▸ **Your task**: Among the entries, which lines carry the string "Window"? Copy each of them.

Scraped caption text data
++++++++++++++++++++

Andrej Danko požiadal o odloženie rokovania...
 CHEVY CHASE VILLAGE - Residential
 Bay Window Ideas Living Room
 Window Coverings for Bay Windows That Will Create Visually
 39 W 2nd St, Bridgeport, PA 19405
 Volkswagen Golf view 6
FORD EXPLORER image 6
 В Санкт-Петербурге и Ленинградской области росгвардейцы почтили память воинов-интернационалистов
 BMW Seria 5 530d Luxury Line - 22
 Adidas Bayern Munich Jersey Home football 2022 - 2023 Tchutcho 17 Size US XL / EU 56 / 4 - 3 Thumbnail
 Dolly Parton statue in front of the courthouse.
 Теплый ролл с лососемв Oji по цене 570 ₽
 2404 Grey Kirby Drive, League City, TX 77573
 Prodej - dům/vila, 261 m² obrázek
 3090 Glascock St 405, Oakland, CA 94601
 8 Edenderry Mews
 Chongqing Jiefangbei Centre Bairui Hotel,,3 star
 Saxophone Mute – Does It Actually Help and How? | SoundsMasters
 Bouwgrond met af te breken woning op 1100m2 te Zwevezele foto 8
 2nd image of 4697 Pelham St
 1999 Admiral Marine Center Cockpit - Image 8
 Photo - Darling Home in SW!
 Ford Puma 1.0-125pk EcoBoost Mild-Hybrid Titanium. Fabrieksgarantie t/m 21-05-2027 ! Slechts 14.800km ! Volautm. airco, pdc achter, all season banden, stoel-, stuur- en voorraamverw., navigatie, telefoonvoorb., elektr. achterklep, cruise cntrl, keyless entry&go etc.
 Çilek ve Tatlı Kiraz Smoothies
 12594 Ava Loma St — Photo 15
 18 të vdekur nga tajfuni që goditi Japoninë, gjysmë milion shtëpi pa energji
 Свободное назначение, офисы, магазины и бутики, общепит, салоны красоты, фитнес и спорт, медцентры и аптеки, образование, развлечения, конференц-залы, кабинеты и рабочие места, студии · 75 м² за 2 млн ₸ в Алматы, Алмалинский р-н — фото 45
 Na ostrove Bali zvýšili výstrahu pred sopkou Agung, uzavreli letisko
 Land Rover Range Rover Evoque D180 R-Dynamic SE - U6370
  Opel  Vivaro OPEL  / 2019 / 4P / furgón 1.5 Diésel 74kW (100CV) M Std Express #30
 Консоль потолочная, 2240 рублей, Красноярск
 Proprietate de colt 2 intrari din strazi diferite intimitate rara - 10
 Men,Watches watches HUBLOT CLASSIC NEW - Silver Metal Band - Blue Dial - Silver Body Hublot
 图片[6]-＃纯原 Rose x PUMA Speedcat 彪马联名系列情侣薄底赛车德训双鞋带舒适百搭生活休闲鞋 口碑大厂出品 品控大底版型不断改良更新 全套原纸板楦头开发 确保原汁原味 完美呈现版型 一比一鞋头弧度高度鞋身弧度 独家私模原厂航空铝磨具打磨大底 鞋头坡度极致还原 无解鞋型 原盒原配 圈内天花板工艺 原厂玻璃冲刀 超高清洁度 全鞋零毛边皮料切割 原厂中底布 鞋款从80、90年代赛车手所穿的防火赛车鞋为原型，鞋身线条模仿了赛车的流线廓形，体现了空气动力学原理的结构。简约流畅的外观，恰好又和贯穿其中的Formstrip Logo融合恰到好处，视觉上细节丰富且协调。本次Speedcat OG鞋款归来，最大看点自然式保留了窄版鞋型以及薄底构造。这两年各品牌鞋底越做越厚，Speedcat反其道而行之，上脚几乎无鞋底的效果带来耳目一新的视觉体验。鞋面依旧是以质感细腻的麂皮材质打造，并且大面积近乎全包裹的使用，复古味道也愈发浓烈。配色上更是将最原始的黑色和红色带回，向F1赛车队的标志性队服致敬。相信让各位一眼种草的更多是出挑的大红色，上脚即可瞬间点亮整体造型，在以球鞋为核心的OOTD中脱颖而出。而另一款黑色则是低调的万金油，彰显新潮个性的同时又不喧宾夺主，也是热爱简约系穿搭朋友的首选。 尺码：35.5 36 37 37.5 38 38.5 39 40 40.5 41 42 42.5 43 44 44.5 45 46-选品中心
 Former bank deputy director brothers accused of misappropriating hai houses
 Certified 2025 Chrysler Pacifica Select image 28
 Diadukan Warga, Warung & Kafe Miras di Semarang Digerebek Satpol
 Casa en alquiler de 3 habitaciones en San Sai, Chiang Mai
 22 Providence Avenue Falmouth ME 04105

++++++++++++++++++++

▸ **Solution**:
 Bay Window Ideas Living Room
 Window Coverings for Bay Windows That Will Create Visually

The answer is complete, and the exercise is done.